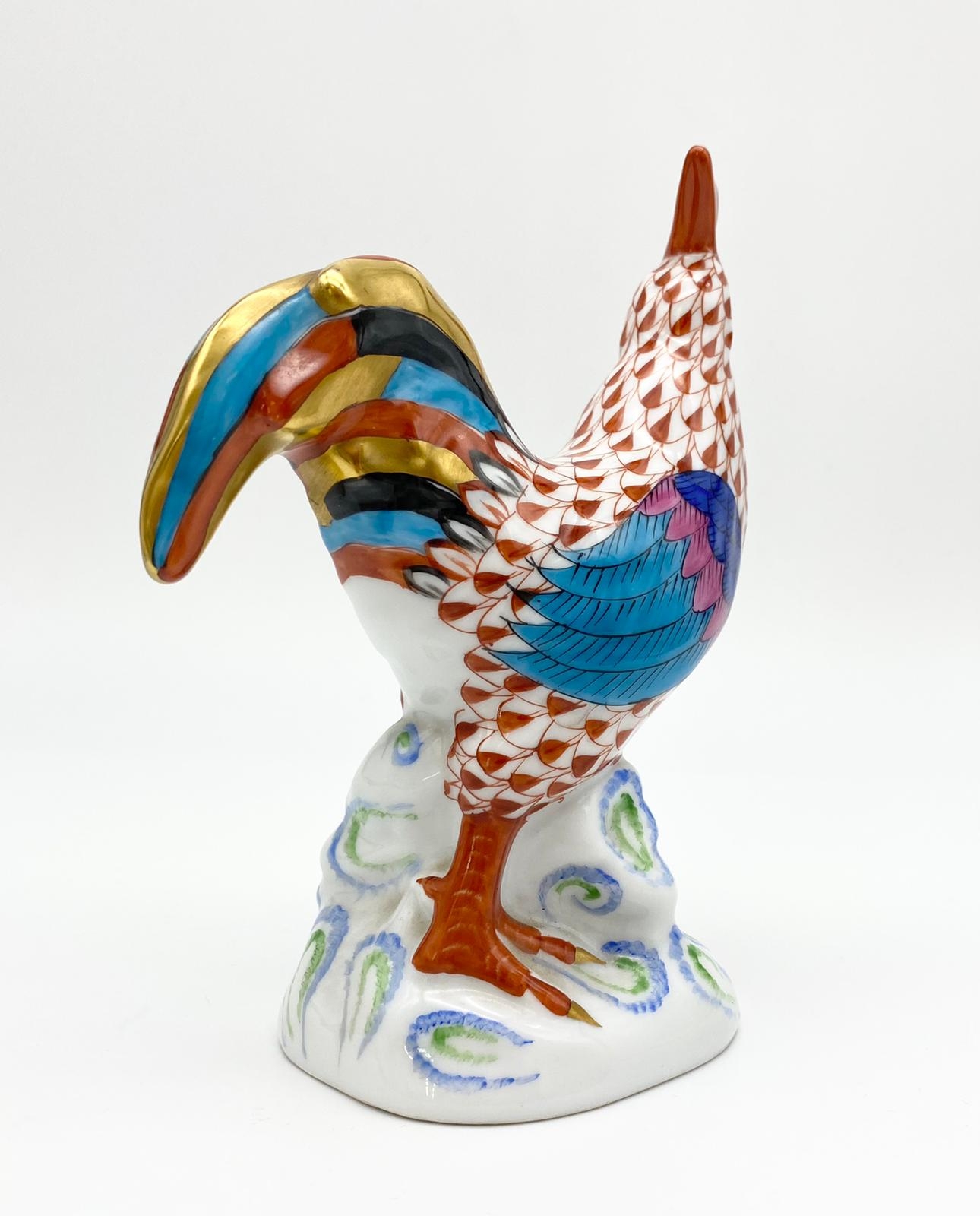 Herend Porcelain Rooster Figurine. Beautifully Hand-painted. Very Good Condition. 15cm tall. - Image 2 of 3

═══

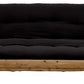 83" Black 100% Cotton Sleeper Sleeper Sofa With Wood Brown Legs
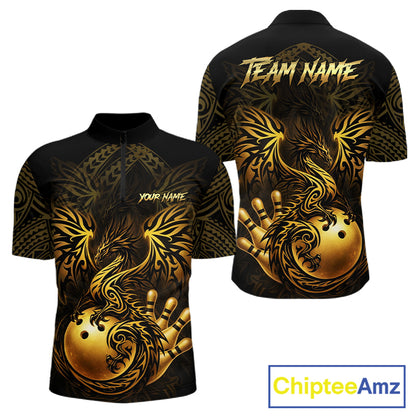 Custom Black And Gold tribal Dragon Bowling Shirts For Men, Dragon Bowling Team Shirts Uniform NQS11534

═══

§ **Problem statement**
Start at the line above containing "Wood Brown Legs" and stop at the line containing "Custom Black And": print those lines and everything between them exactly, but not the pictures.

§ **Answer to the problem**
 83" Black 100% Cotton Sleeper Sleeper Sofa With Wood Brown Legs
 Custom Black And Gold tribal Dragon Bowling Shirts For Men, Dragon Bowling Team Shirts Uniform NQS11534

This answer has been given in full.